If you can stretch your budget a bit, I'd suggest Vsonic GR02 Bass Edition.


----------



## NatalieGreen (Jun 18, 2015)

JBL T150 A, an exceptional headphone from JBL is the best In-Ear earphone with microphone under Rs 1500. 
After researching every new pair of In-Ear headphones (with mic) in the Rs 1500 price range, here's the detailed list of the 5 best In-Ear headphones to buy in India with microphone under Rs 1500.

1) JBL T150 A In ear Earphones

2) Skullcandy S2SBFY-129 Smokin Buds with Mic

3) SoundMAGIC ES18S In-Ear Headphone with Mic

4) Sony MDR-EX110AP Stereo Headphones with Mic

5) Skullcandy S2IKGY Ink'd 2.0 Earbud Headphone


----------



## rakeshhkuma90 (Jun 18, 2015)

You can buy Soundmagic E10S as flipkart are giving discount on these earphones.
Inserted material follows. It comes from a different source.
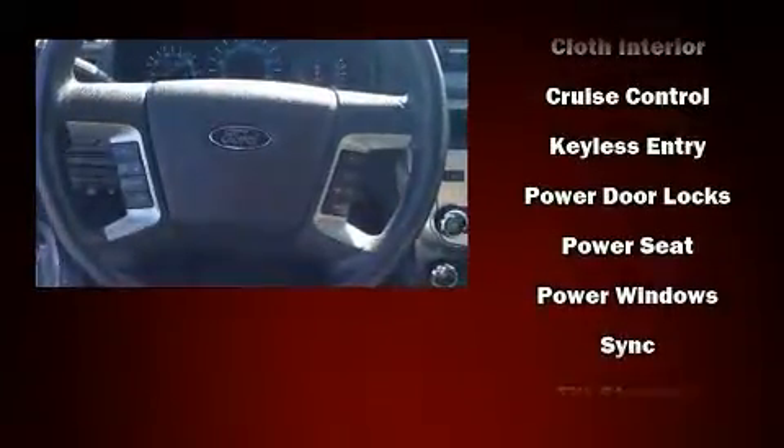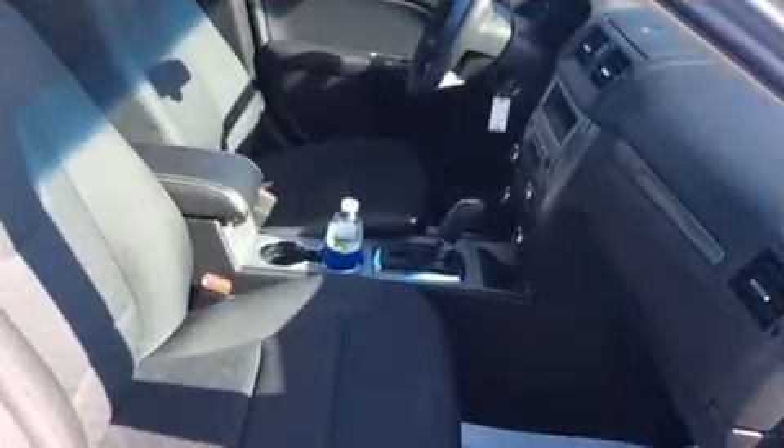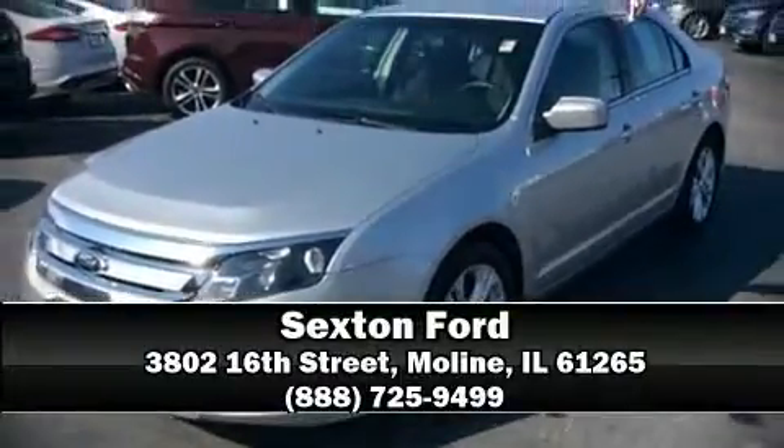Allowing you to drive with even greater assurance. We have a skilled and knowledgeable sales staff with many years of experience satisfying our customers' needs. Come on in and take a test drive.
SoundMAGIC E10S In-the-ear Headset - SoundMAGIC : Flipkart.com

These are excellent earphones. bang for buck. Audiophile quality. If you are on a budget don't look any further. Just buy and enjoy the music which would sound very different from the one you heard before.
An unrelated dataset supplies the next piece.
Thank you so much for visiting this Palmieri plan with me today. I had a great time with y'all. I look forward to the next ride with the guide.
These earphones have great reviews you can check them online.


----------



## shammisachdeva (Jun 18, 2015)

rakeshhkuma90 said:


> You can buy Soundmagic E10S as flipkart are giving discount on these earphones.
> 
> SoundMAGIC E10S In-the-ear Headset - SoundMAGIC : Flipkart.com
> 
> ...





thnx...i have also heard a lot about e10 and it has got many award also.....But i m not sure whether it has got good amount of bass for people like me who listens to edm mostly...........Also what about sony xb 90 and xb 50 ?

- - - Updated - - -

yaa i also considered vsonic gr02 but they r out of stock everywhere.. ..........How is soundmagic e10 and also sony xb 90 and xb 70 consideing i listens to edm mostly.


----------



## Desmond (Jun 18, 2015)

You can get the GR02 at lendmeurears.com

Mark it as gift while ordering and you won't have any problems with customs.


----------